2

I want to deskew an image using. To do that I wrote (admittedly with lots of help) a program that:

  1. transforms image to be a easier to compute (thresh, dilation, etc.)
  2. draws contours around all objects
  3. computes four extreme points around the text contours (ignoring anything with a margin)
  4. draws a rectangle around that area using cv2.minAreaRect

The idea was that cv2.minAreaRect returns the angle as well, which I could use to deskew the image. However, in my case it's –90°.

You can see a sample input image here.

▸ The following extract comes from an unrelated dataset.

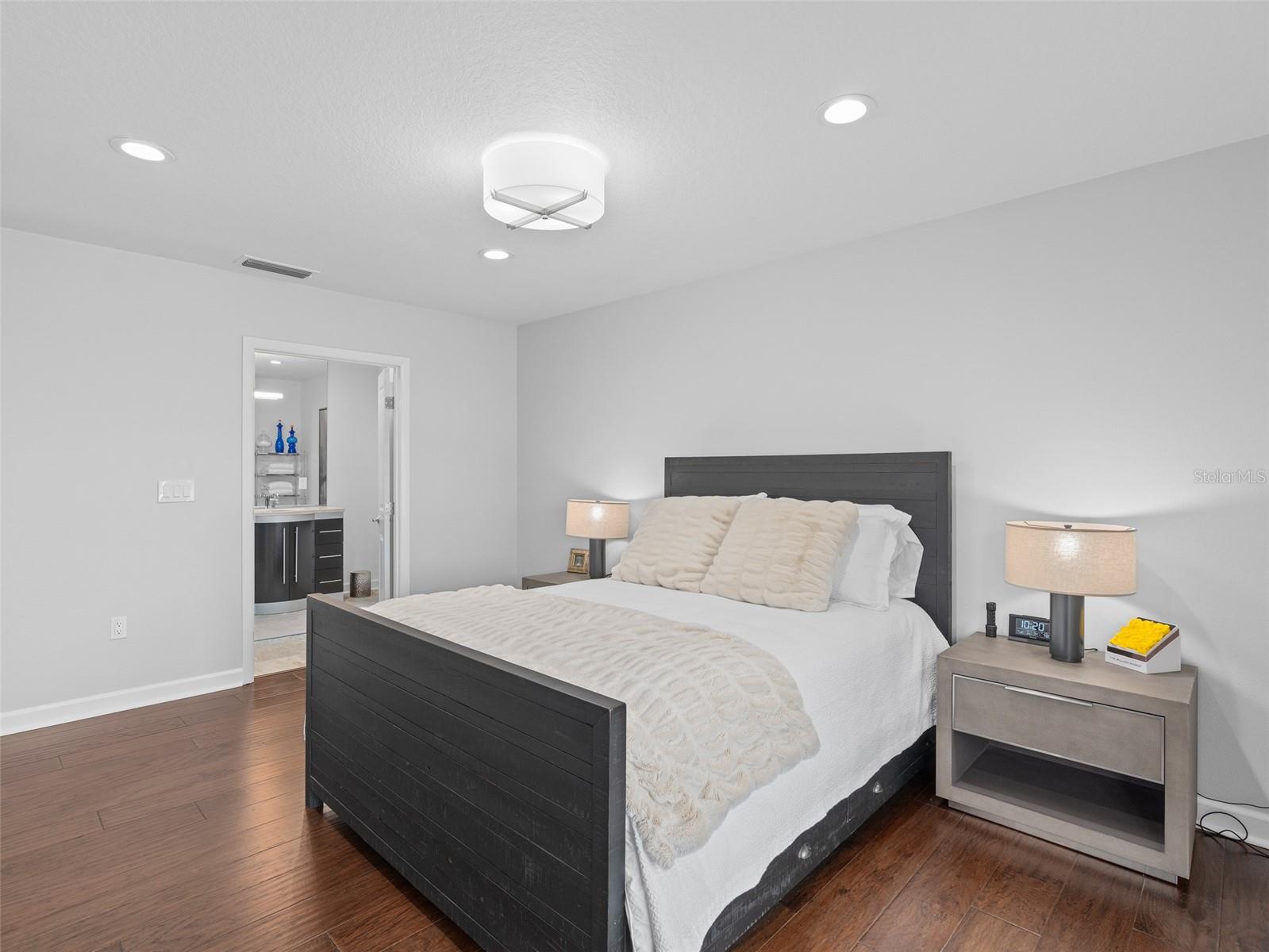 SOUTH LAKEMONT SHORES - Residential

You can see the result I get here.

I tested the program on a “clean” image (MS Word Screenshot rotaten ≈ 30° in Gimp) and it gave an identical result.

My code:

import numpy as np
import cv2
import itertools

img = cv2.imread('zuo.png')
imgray = cv2.cvtColor(img,cv2.COLOR_BGR2GRAY)

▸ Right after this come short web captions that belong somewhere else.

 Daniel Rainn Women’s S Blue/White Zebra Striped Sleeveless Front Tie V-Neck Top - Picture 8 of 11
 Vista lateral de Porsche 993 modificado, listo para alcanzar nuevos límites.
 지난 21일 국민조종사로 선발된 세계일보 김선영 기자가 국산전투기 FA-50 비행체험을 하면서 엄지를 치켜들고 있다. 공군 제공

ret,thresh = cv2.threshold(imgray,64,255,0)
############
kernel = np.ones((2,2),np.uint8)
img_e = cv2.dilate(thresh,kernel,iterations = 1)
# cv2.imwrite("out_eroded.png", img_e)
# http://docs.opencv.org/3.0-beta/doc/py_tutorials/py_imgproc/py_morphological_ops/py_morphological_ops.html
# img_e = thresh
############
imgbw, contours, hierarchy = cv2.findContours(img_e,cv2.RETR_TREE,cv2.CHAIN_APPROX_SIMPLE)
# imgbw, contours, hierarchy = cv2.findContours(thresh,cv2.RETR_EXTERNAL,cv2.CHAIN_APPROX_SIMPLE)

margin_distance = 25

def flatten(arr, n = 1):
    # print(arr)
    ret = list(itertools.chain.from_iterable(arr))
    # print(ret)
    if n != 1:
        return flatten(ret, n - 1)
    else:
        return ret

# print(list(flatten([[1,2,3],[4,5,6], [7], [8,9]])))

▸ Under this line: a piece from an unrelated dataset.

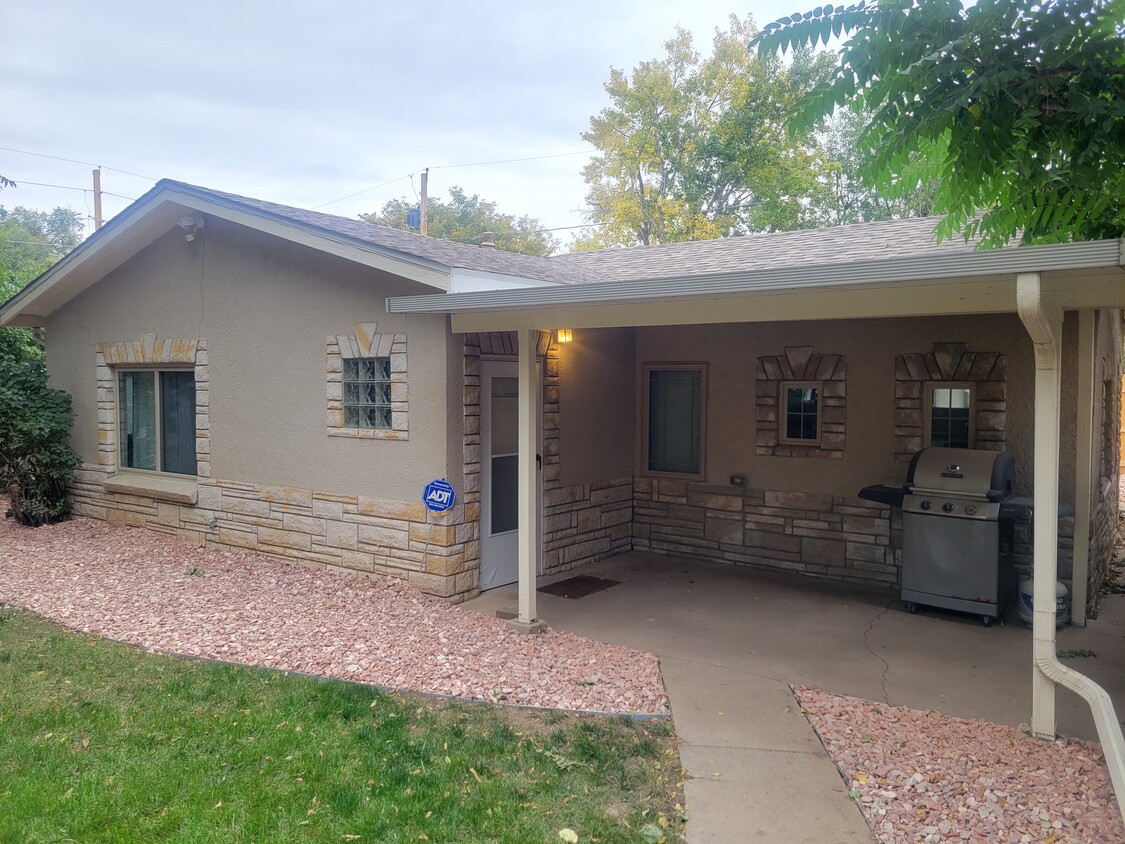 Foto principal - 1676 Ulster St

def get_min_max_values(cs, im_y, im_x):
    # print(flatten(cs), 1)
    # print(im_y, im_x)
    min_y = im_y - margin_distance
    min_x = im_x - margin_distance
    max_y = margin_distance
    max_x = margin_distance
    for lvl1 in cs:
        for lvl2 in lvl1:
            x, y = lvl2[0]
            # x = im_x - x
            # y = im_y - y
            max_y = max(y, max_y) if y + margin_distance < im_y else max_y
            max_x = max(x, max_x) if x + margin_distance < im_x else max_x
            min_y = min(y, min_y) if y > margin_distance else min_y
            min_x = min(x, min_x) if x > margin_distance else min_x

    return ((min_y, min_x), (min_y, max_x), (max_y, min_x), (max_y, max_x))

new_rect = get_min_max_values(contours, len(img), len(img[0]))
new_rect = list(map(lambda x: list(x)[::-1], list(new_rect)))
print(new_rect)
rect = cv2.minAreaRect(np.int0(new_rect))
# print(rect)
print(rect)
box = cv2.boxPoints(rect)
box = np.int0(box)

img_out = cv2.drawContours(img, [box], -1, (0,0,255), 5) # -1 = wszystkie kontury
img_out = cv2.drawContours(img, contours, -1, (0,255,0), 3)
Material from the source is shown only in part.